Дополнительные косточки. Дополнительные косточки также можно спутать с отрывными переломами. Os vesalianum встречается довольно редко и может быть обнаружен рядом с местом прикрепления малоберцовой мышцы.Чаще всего os peroneum может располагаться на боковой границе кубовидной кости в пределах сухожилия короткой малоберцовой мышцы. Каждую косточку можно отличить рентгенологически по ее гладкой поверхности; Напротив, отрывные переломы имеют «зубчатые» края. Симптоматические дополнительные косточки можно окончательно лечить хирургическим удалением.

ЛЕЧЕНИЕ

Лечение отрывных переломов бугристости без смещения является консервативным. Варианты включают эластичную обертку, шины для лодыжек и низкопрофильные прогулочные ботинки или гипсы.Допускается допустимая нагрузка. Лечение следует продолжать до тех пор, пока симптомы не исчезнут - обычно в течение трех-шести недель.7–9 Простые снимки, свидетельствующие о сращении, широко варьируются, но обычно проявляются в течение восьми недель.1 В редких случаях перелом может зажить бессимптомным фиброзным сращением.

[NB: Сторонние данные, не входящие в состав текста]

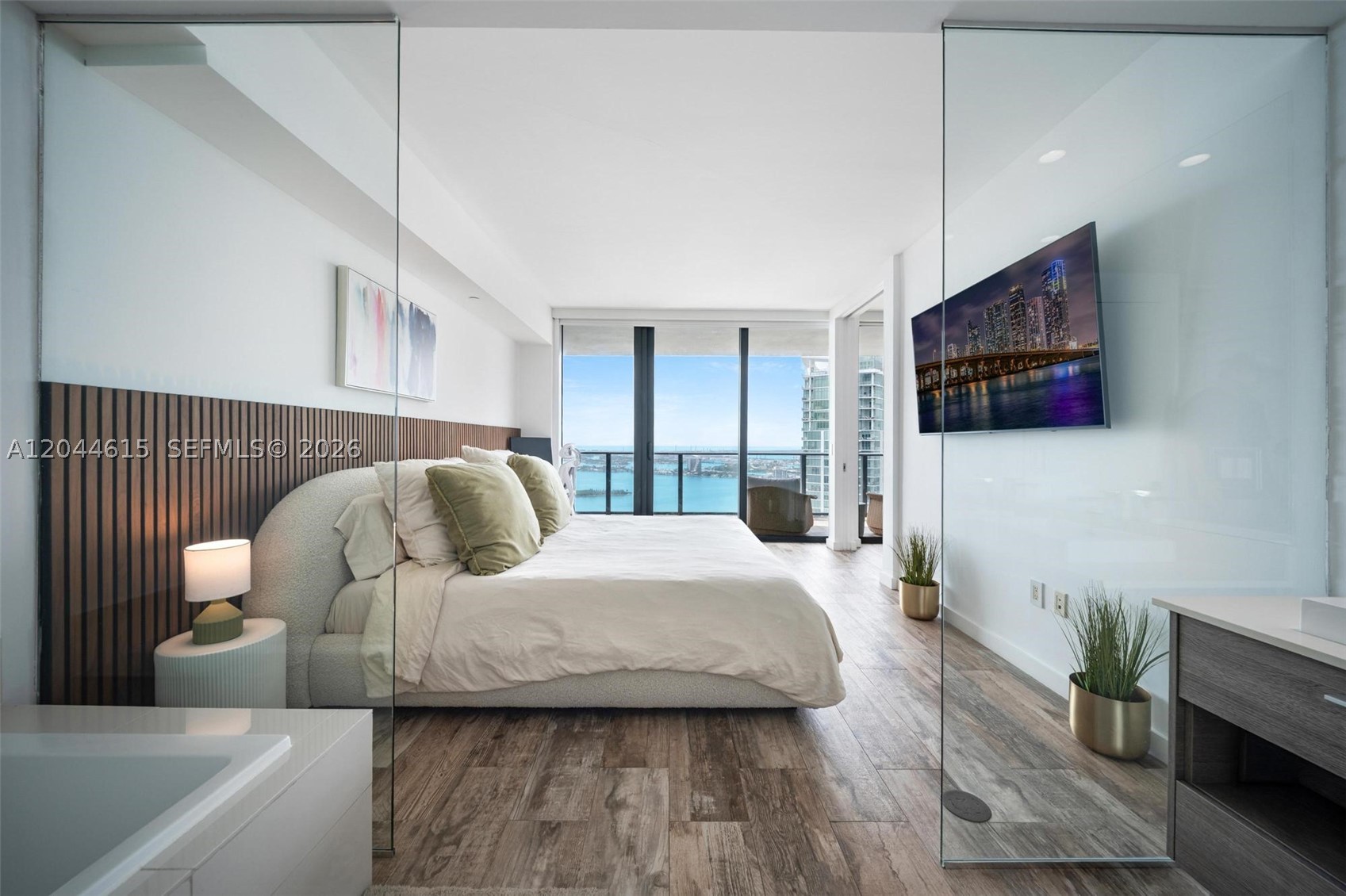 PARAISO BAY CONDO - Residential Lease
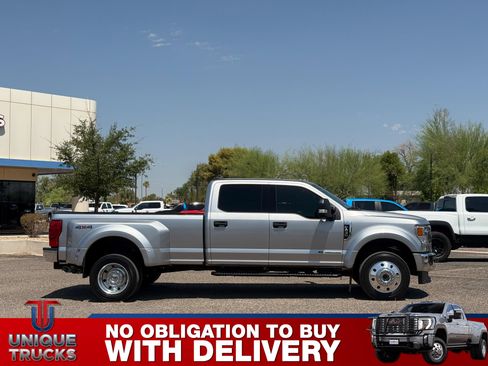 Used 2020 Ford F450 XLT w/ XLT Value Package AWD/4WD image 4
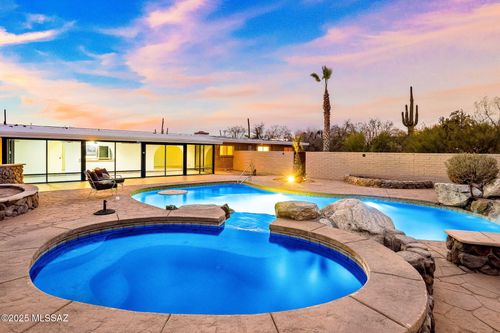 6601 N Donna Beatrix Cir, Tucson, AZ, 85718-2513 | Card Image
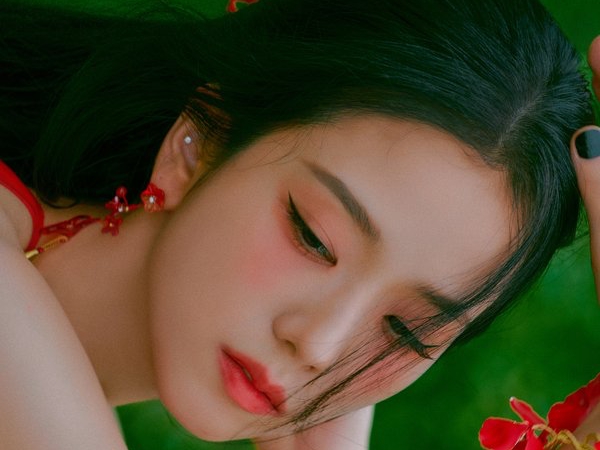 待望のソロデビュー！BLACKPINKジス、アルバムタイトルは『ME』 鮮烈なビジュアルにも注目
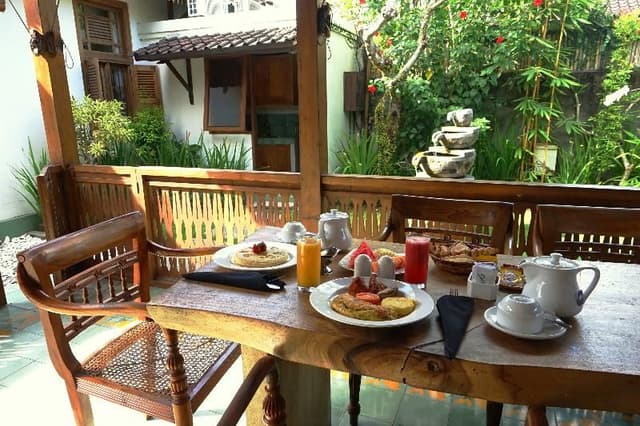 VILLA THREE BEDROOMS WITH PRIVATE POOL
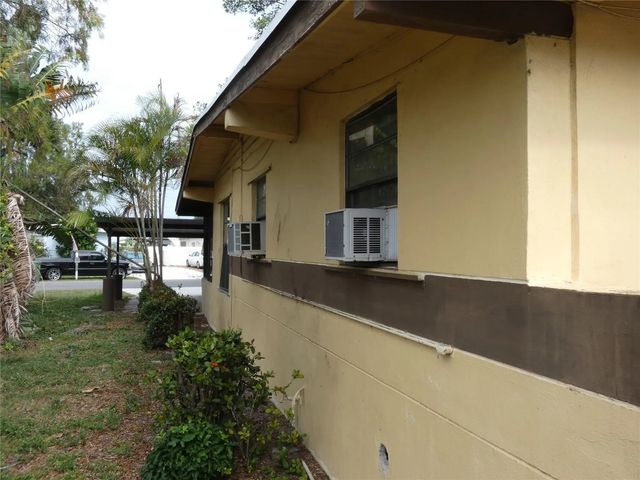 3 of 17 - 82 Tortuga Road, Palm Springs, FL
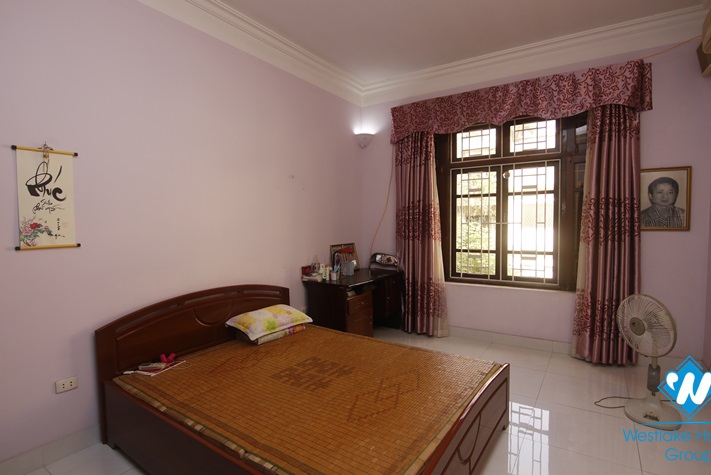 A lovely five-bedroom house on Hoang Hoa Tham Ba Dinh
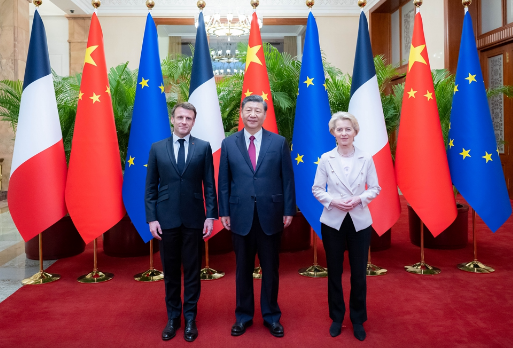 Си Цзиньпин провел трёхстороннюю встречу с президентом Франции и председателем ЕК
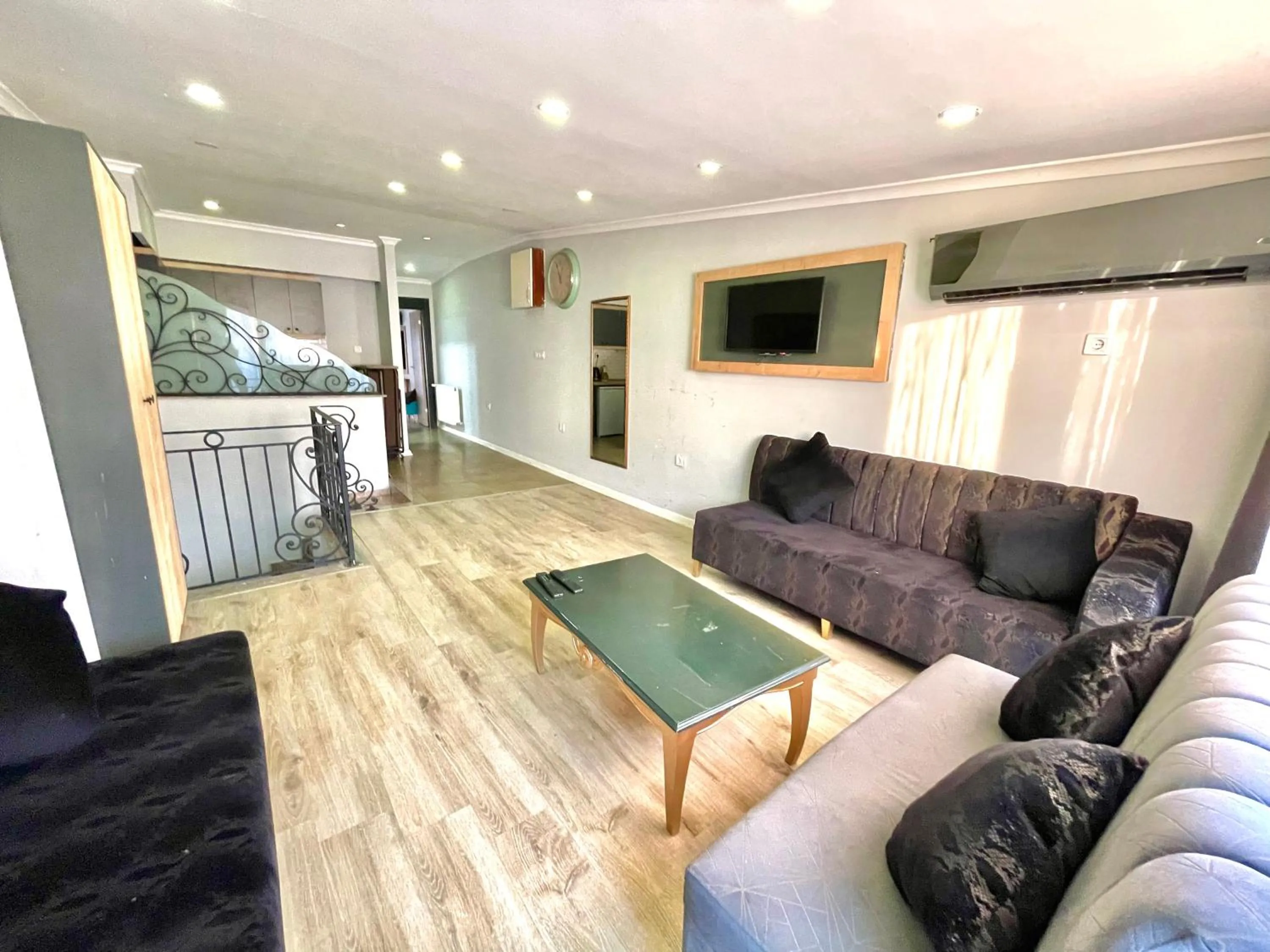 HOTEL THE NEOM SUITES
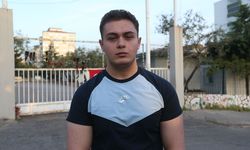 Kahramanmaraş'taki silahlı saldırının gerçekleştiği okula Türk bayrağı asıldı ve karanfil bırakıldı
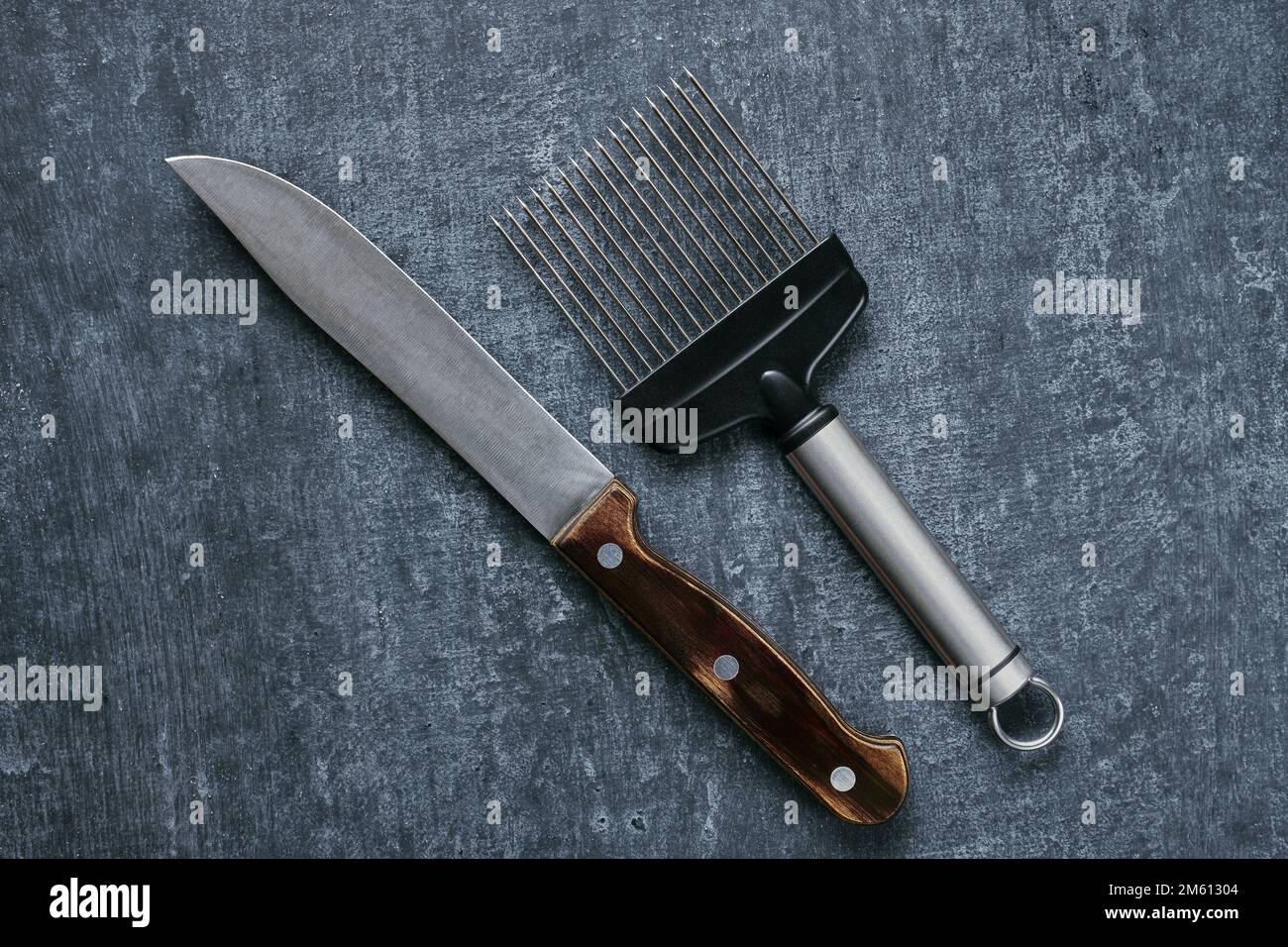 Kitchen knife onion slicer hi-res stock photography and images - Alamy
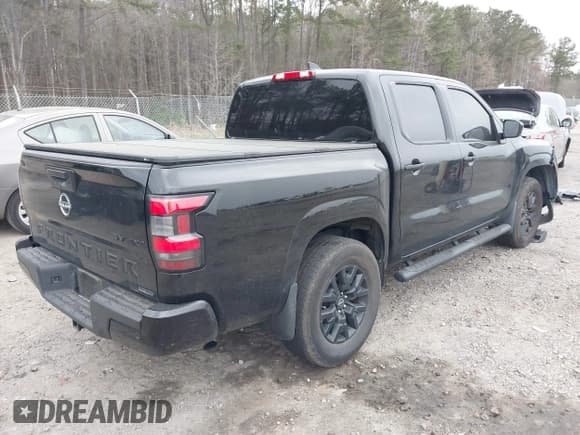 ✅ 2023 Nissan Frontier Pro-4X • VIN: 1N6ED1EK5PN658692 • Lot: 41844237. Wystawiony na IAAI z przebiegiem 50 358 mil. Bezpłatny archiwum sprzedaży aukcyjnych z USA i szczegółowy raport historii pojazdu na DreamBid. Zdjęcie 4.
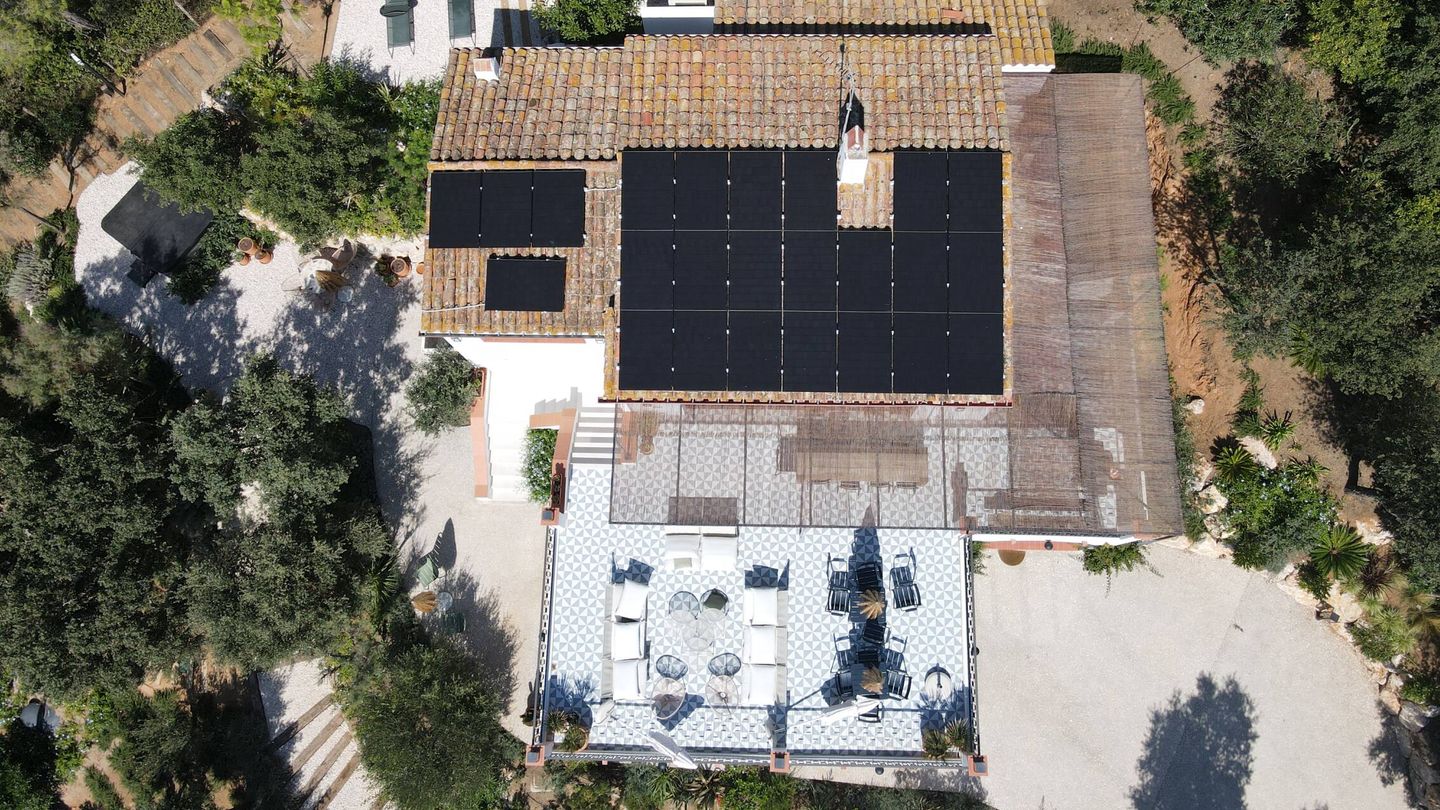 Vista aérea de varios paneles solares en el tejado de una casa. | SolarMente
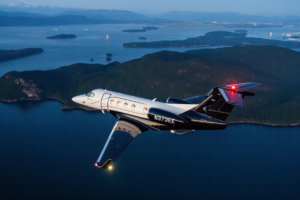 Phenom 300EV, da Embraer, obteve certificação tripla da ANAC, da FAA e da EASA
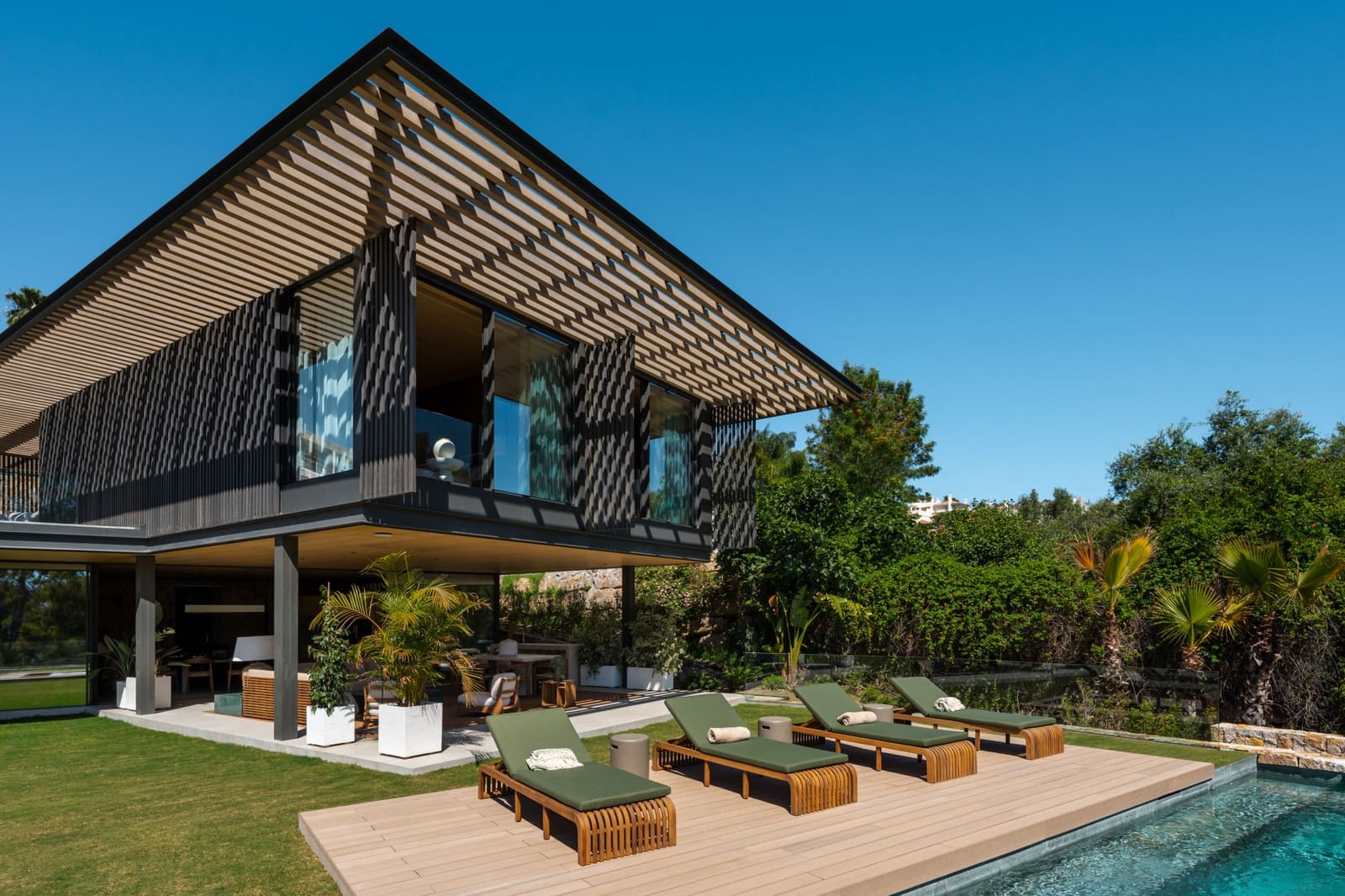 4 sypialnia Willa na sprzedaż w Marbella z basenem garażem - 4 750 000 € (Ref: 9568314)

ПОКАЗАНИЯ К ОРТОПЕДИЧЕСКОМУ ОБРАЩЕНИЮ

При переломах бугорка со смещением лучше всего применяется открытая репозиция и внутренняя фиксация или закрытая репозиция и штифт. Оскольчатые переломы и отрывные переломы, затрагивающие более 30 процентов поверхности кубо-плюсневого сустава, также должны рассматриваться для направления к ортопеду5 (Рисунок 4).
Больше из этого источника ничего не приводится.